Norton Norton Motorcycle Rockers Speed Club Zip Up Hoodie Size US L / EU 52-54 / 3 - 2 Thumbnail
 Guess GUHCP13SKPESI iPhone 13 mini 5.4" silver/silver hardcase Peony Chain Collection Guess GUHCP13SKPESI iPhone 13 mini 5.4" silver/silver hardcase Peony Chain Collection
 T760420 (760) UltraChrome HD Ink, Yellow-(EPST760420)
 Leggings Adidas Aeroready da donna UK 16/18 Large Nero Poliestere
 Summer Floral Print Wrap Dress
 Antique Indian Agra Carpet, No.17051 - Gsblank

= = = = =

• WORK INSTRUCTIONS:
Using the data above, output each line exactly.

• RESULT OF THIS EXERCISE:
Norton Norton Motorcycle Rockers Speed Club Zip Up Hoodie Size US L / EU 52-54 / 3 - 2 Thumbnail
 Guess GUHCP13SKPESI iPhone 13 mini 5.4" silver/silver hardcase Peony Chain Collection Guess GUHCP13SKPESI iPhone 13 mini 5.4" silver/silver hardcase Peony Chain Collection
 T760420 (760) UltraChrome HD Ink, Yellow-(EPST760420)
 Leggings Adidas Aeroready da donna UK 16/18 Large Nero Poliestere
 Summer Floral Print Wrap Dress
 Antique Indian Agra Carpet, No.17051 - Gsblank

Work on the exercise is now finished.